> _DIRECTIONS FOR THIS TASK_
Below are some records. Return exactly their lines from the one containing "Elmer's Washable Glow" through the one containing "Black Label Skateboards", and drop the pictures.

> _MATERIAL PROVIDED_
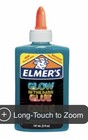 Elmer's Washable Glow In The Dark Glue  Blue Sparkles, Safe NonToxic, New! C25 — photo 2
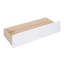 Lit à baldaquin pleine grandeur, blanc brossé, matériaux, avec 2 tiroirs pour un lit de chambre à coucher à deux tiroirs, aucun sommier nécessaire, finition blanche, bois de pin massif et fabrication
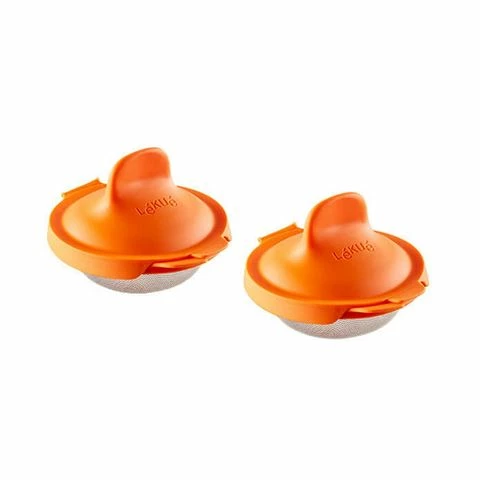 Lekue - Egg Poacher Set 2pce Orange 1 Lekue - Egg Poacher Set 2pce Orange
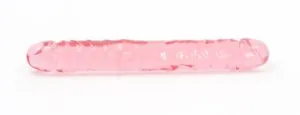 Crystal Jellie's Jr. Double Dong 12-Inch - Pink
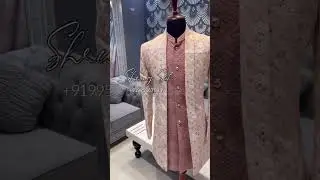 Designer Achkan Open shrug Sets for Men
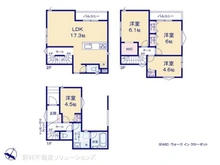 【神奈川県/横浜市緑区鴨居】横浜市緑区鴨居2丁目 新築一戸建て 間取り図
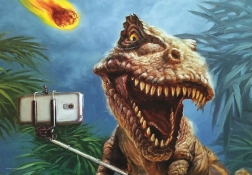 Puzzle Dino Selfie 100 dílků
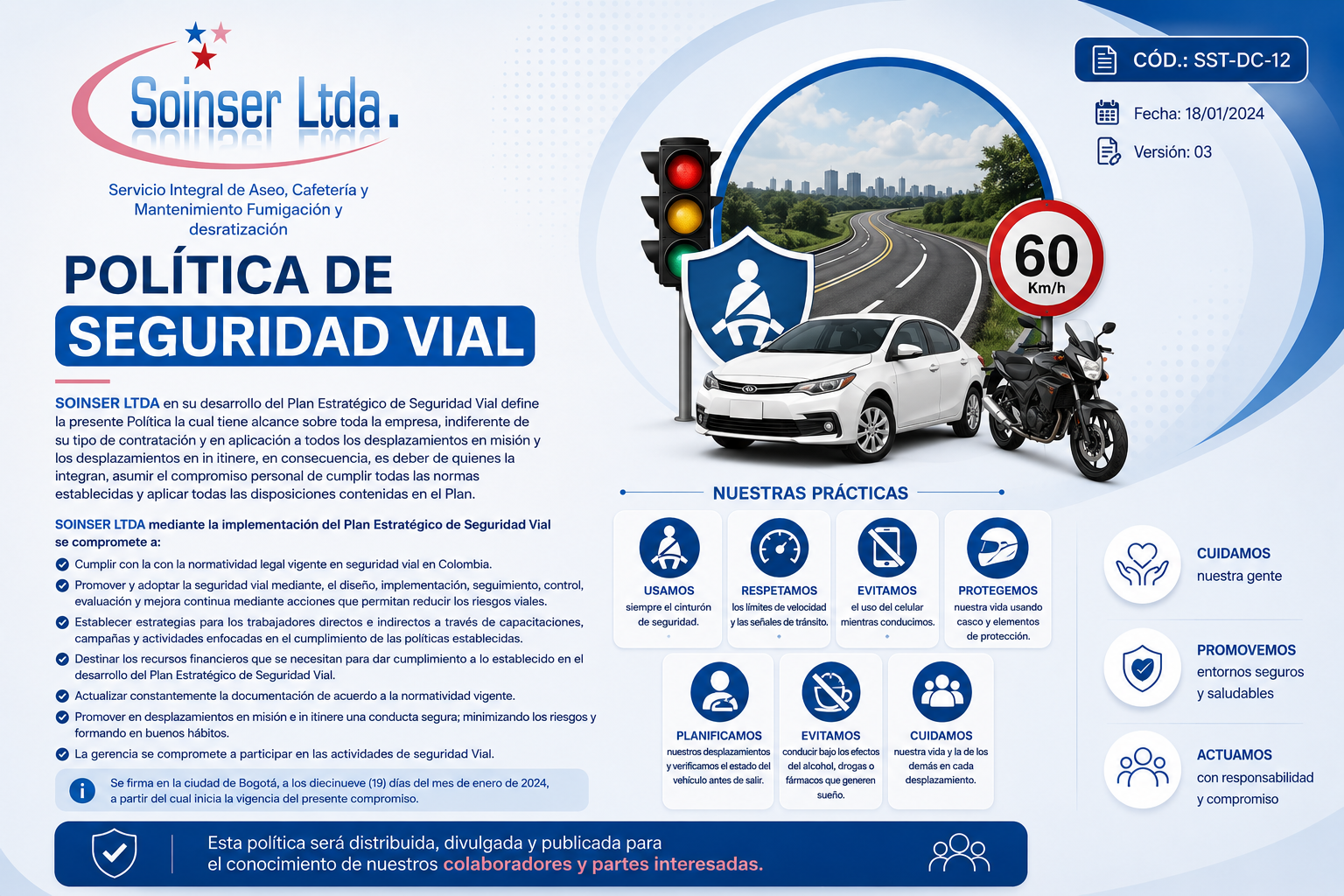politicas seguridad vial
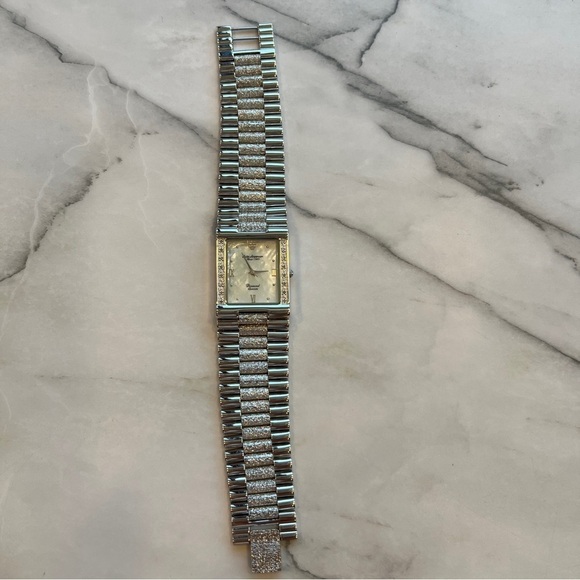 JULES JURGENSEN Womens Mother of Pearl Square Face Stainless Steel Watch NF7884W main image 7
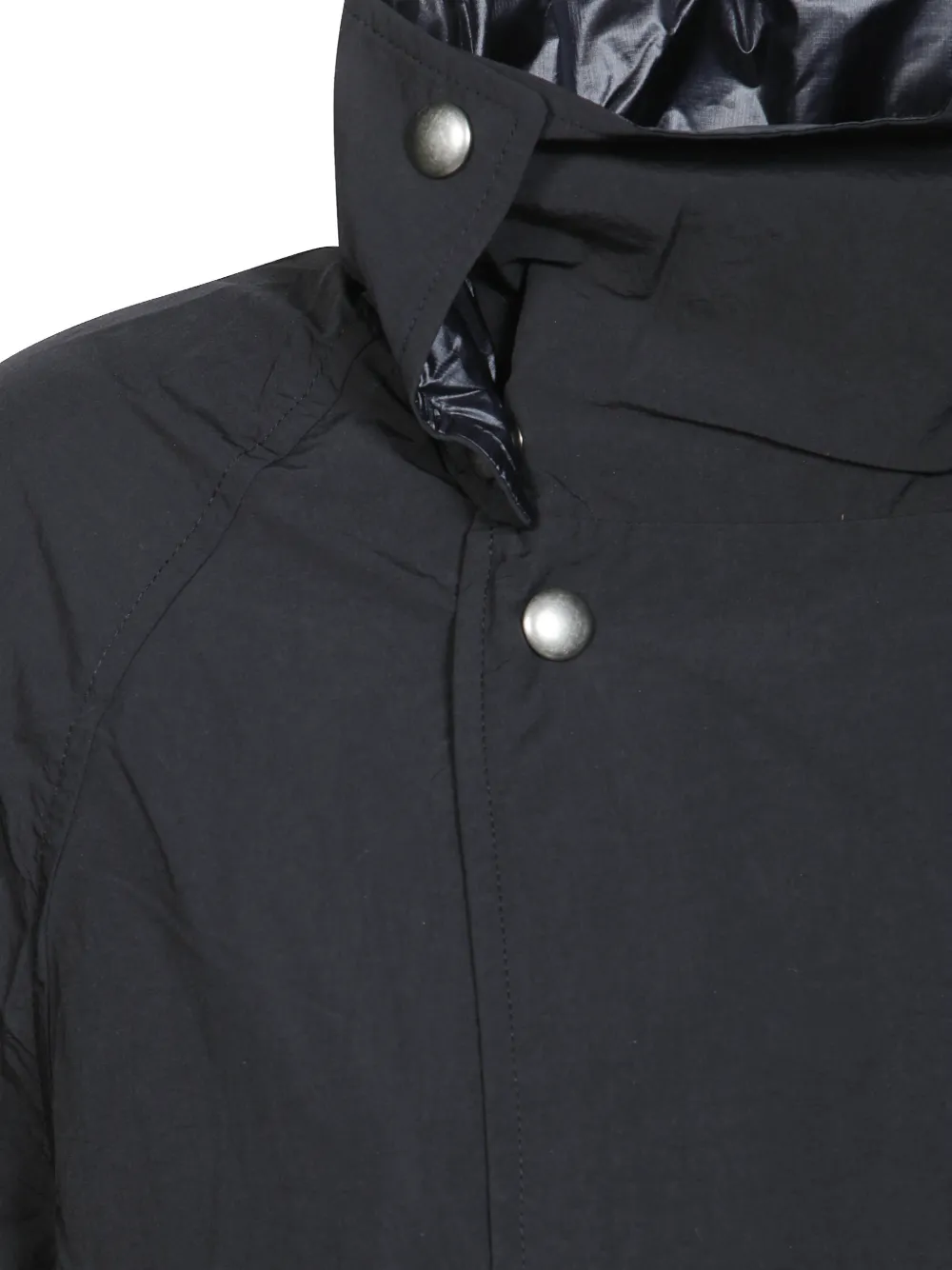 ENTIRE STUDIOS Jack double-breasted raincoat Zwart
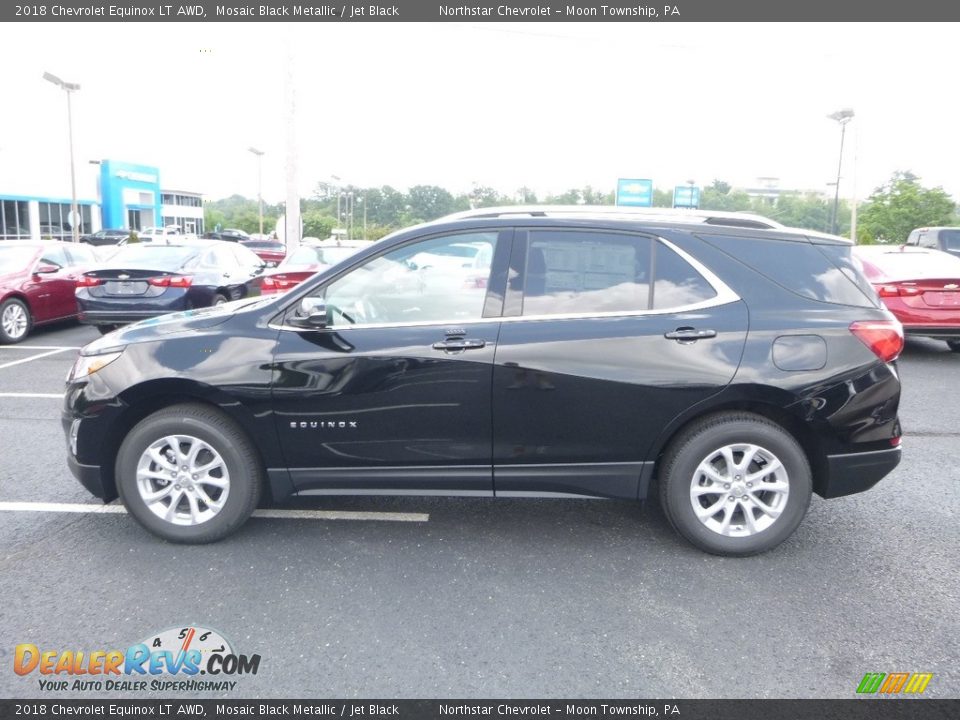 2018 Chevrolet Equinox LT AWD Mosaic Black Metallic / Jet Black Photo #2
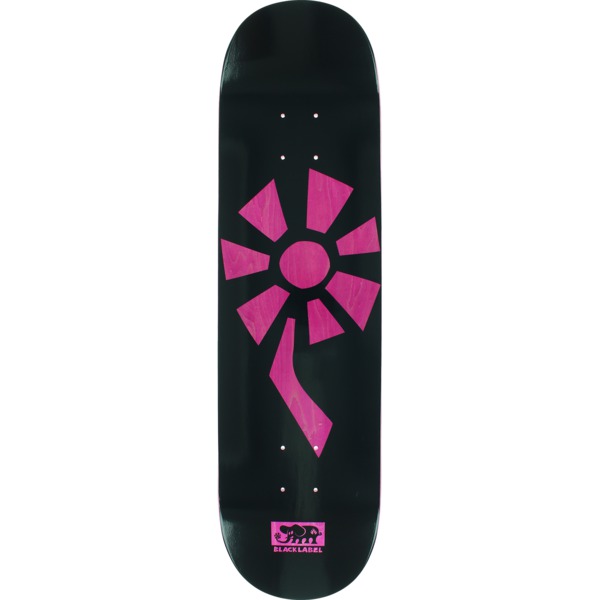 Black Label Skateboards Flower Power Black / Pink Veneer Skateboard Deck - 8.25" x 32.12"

--

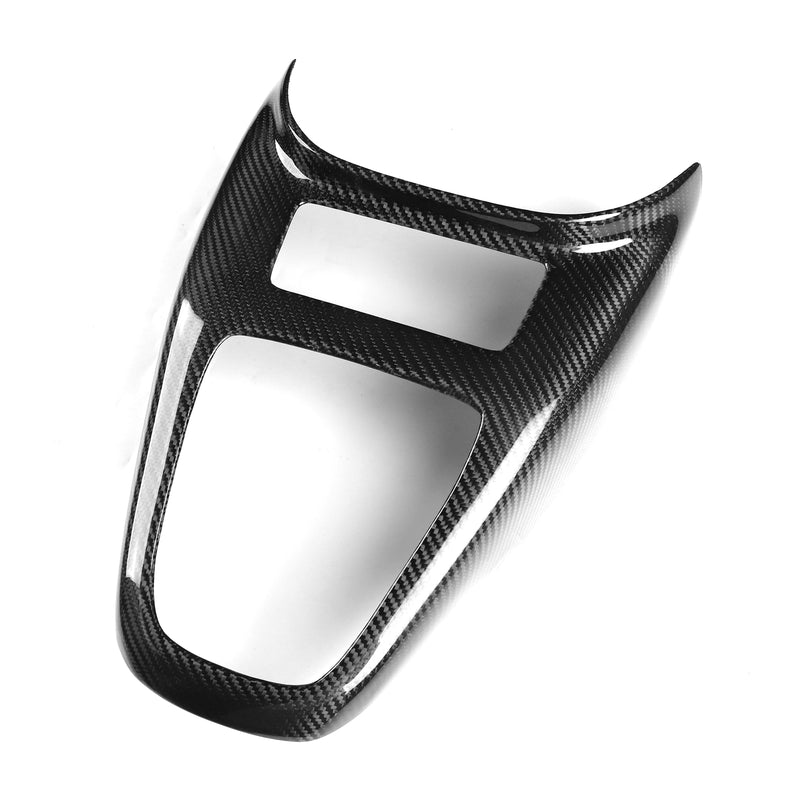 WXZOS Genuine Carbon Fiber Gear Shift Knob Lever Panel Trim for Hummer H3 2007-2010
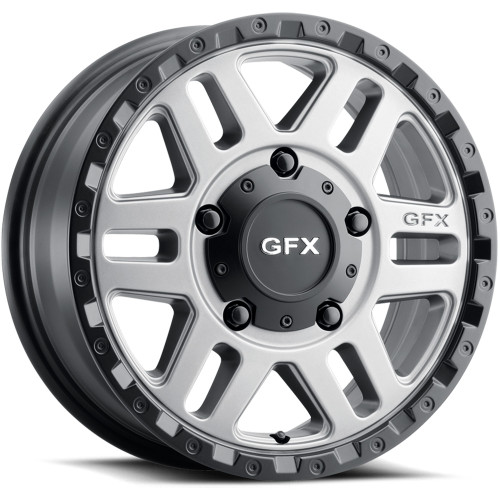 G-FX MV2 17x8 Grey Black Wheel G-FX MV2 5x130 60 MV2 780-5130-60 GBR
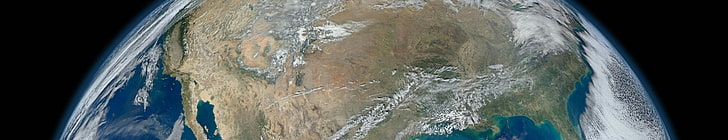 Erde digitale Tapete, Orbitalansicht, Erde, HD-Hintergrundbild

> _TASK ANSWER_
 Elmer's Washable Glow In The Dark Glue  Blue Sparkles, Safe NonToxic, New! C25 — photo 2
 Lit à baldaquin pleine grandeur, blanc brossé, matériaux, avec 2 tiroirs pour un lit de chambre à coucher à deux tiroirs, aucun sommier nécessaire, finition blanche, bois de pin massif et fabrication
 Lekue - Egg Poacher Set 2pce Orange 1 Lekue - Egg Poacher Set 2pce Orange
 Crystal Jellie's Jr. Double Dong 12-Inch - Pink
 Designer Achkan Open shrug Sets for Men
 【神奈川県/横浜市緑区鴨居】横浜市緑区鴨居2丁目 新築一戸建て 間取り図
 Puzzle Dino Selfie 100 dílků
politicas seguridad vial
 JULES JURGENSEN Womens Mother of Pearl Square Face Stainless Steel Watch NF7884W main image 7
 ENTIRE STUDIOS Jack double-breasted raincoat Zwart
 2018 Chevrolet Equinox LT AWD Mosaic Black Metallic / Jet Black Photo #2
 Black Label Skateboards Flower Power Black / Pink Veneer Skateboard Deck - 8.25" x 32.12"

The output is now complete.